*About this task*. The reply should hold only the lines below beginning at the one with "Grote keuken" and ending at the one with "Villa Theatro Heritage Apartments", copied exactly, with every picture left out.

Data Block Start

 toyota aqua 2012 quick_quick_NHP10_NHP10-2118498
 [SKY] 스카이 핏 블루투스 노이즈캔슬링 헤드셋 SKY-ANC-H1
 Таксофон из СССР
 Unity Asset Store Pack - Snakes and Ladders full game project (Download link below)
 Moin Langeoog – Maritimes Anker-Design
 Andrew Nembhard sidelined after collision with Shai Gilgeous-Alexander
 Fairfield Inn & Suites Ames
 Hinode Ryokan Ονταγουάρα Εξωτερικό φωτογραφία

Data Block End
Data Block Start

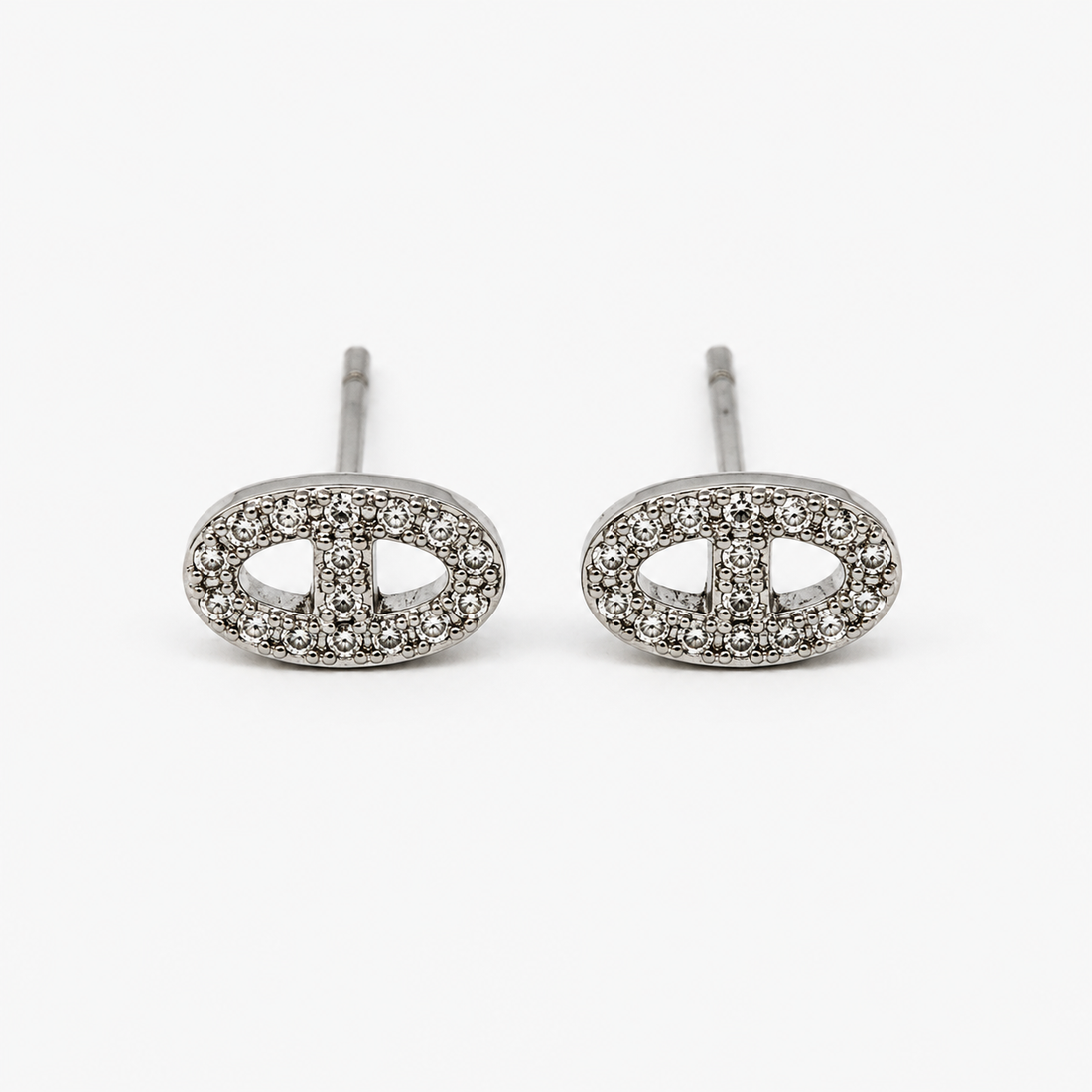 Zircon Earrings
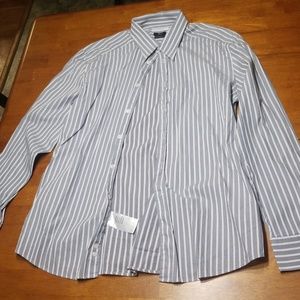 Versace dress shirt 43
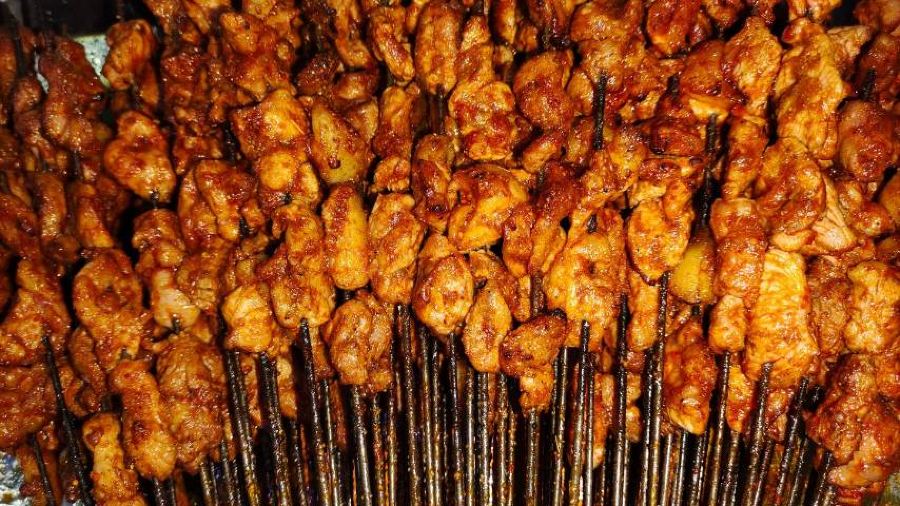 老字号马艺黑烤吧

Data Block End
Data Block Start

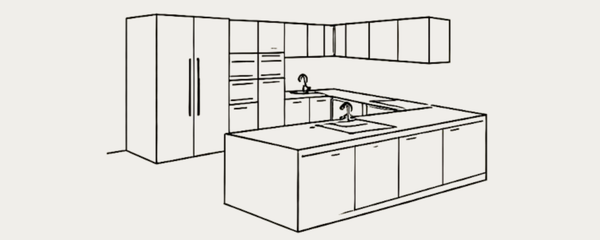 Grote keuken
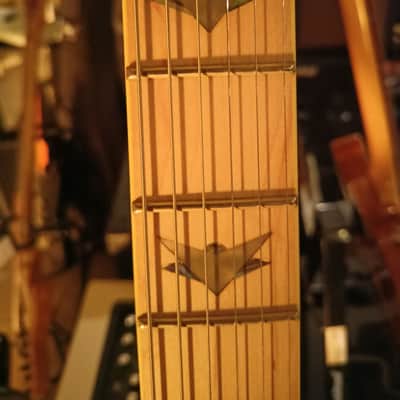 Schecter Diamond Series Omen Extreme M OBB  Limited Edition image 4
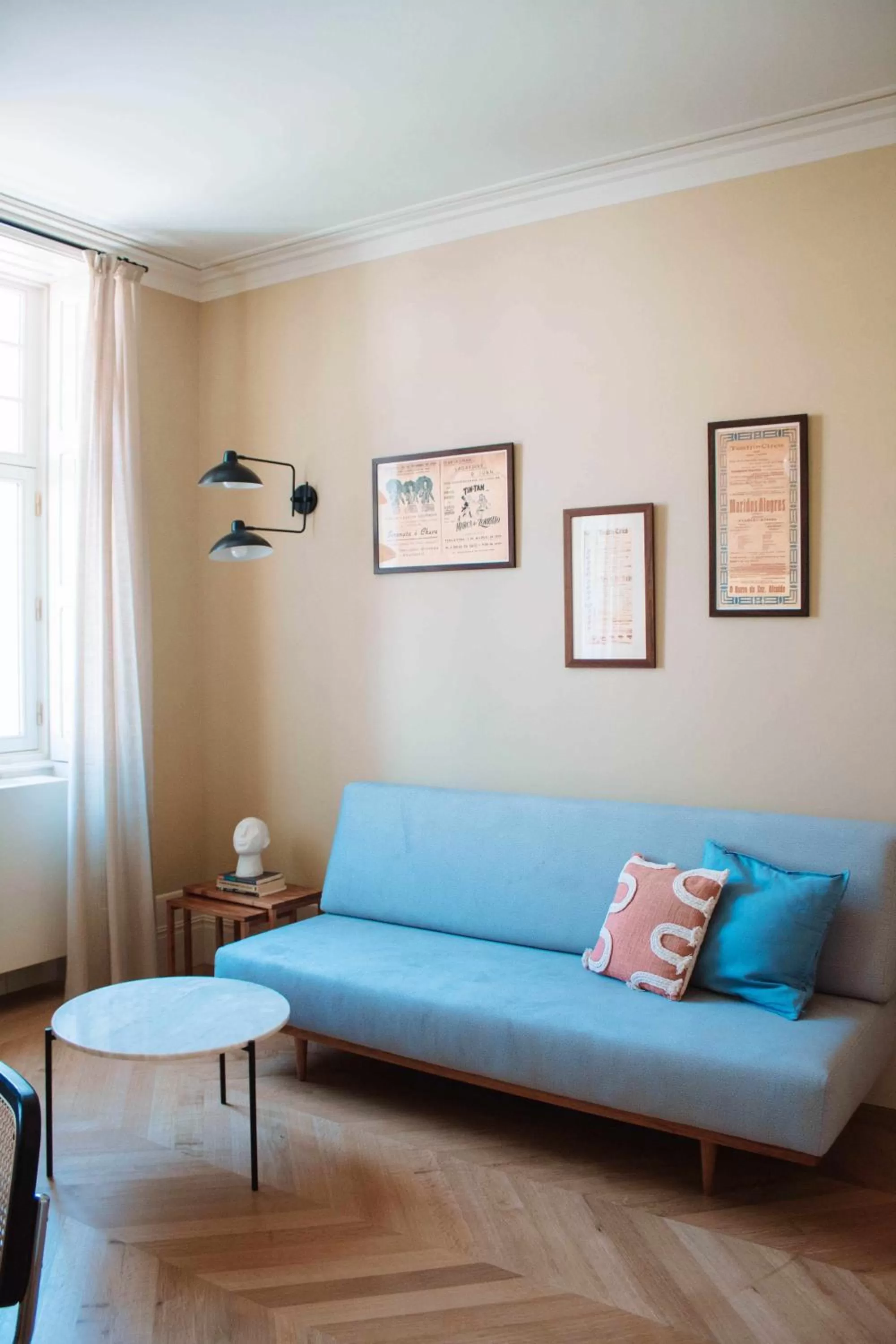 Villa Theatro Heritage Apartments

Data Block End

*The answer*.
 Grote keuken
 Schecter Diamond Series Omen Extreme M OBB  Limited Edition image 4
 Villa Theatro Heritage Apartments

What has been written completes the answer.